Saturday, December 17, 2005

Greetings of the season

So, you know what the problem with most people is? They're dumb. Plain and simple. For instance: yesterday, my dad calls me to tell me that they are closing our road to put down new blacktop, so I might not want to come home for lunch. I was like, well obviously they aren't closing the entire road. That would be dumb! I was already not coming home for lunch, so when I come home at 4, I get to the end of the street and it is completely baricaded with street closed signs. Ok, no problem, I'll go to the other end. I go to the other end, where I promptly get caught behind a school bus, so that was fun, and I patiently and slowly drive back up toward the end of the street that has my neighborhood. My neighborhood is on a horseshoe shaped street, so both ends come out on the same road a block apart. I figure they probably blacktopped just past one end of my street and they would come back and do the other part later. But no. I get to the other end of the blacktopping, and they have closed off that end, too, completely blocking in my entire neighborhood.
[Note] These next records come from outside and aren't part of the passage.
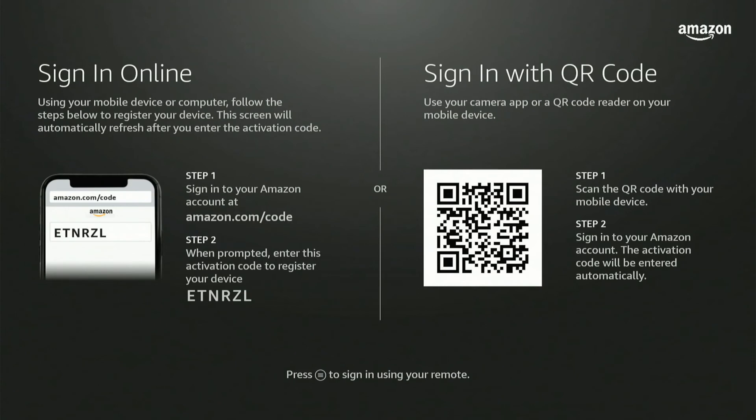Go to amazon.com slash code and you should be able to simply enter that in and then it'll automatically log you in. So go to a web browser on your phone or on a web browser on your computer. Enter in the code under step 2 and you should be good to go.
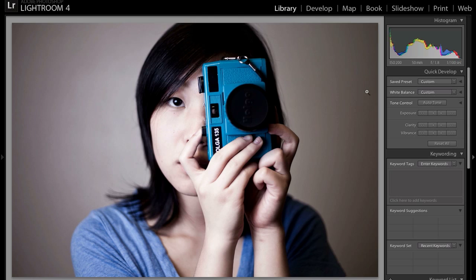The picture we're going to be working with is this portrait, and as you can see the most dominant color in the portrait is blue, coming from the camera as well as the shirt. So that is the color that we are going to isolate.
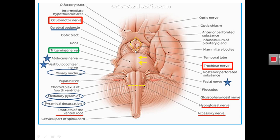The interpeduncular fossa shows many structures from posterior to anterior: most posteriorly is the posterior perforated substance perforated by many vessels; anterior to it are two mammillary bodies, part of the hypothalamus; and more anterior is the tuber cinereum connected to the infundibulum of the pituitary gland. The medial side of the cerebral peduncles shows a projection of the 3rd cranial nerve, the oculomotor nerve. The 4th cranial nerve, the trochlear nerve, projects from the back of the midbrain but winds around the lateral side of the cerebral peduncles.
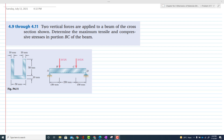Problem 4.11. Two vertical forces are applied to a beam of cross-section as shown. This is a U-type cross-section of the beam. Determine the maximum tensile and compressive stresses in portion BC. The solution will be the same as problems 4.9 and 4.10.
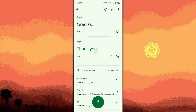Read the translated text — the English translation will appear on screen immediately after processing the audio. You can also copy or save the translation by tapping the copy option or the star icon for later use.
Somebody has thoughtfully shoved aside one of the blockades, so I drive right through, and when I get to my neighborhood, I see that they have set up cones blocking off both ends of my street, implying that nobody is aloud to leave my neighborhood until they have finished. (Some cones had also been moved aside, so I was able to go home.) So did they think that nobody would leave home OR come home until they reopened the place? And they didn't even forewarn us of this happening so that we could plan for it. Like I said: DUMB.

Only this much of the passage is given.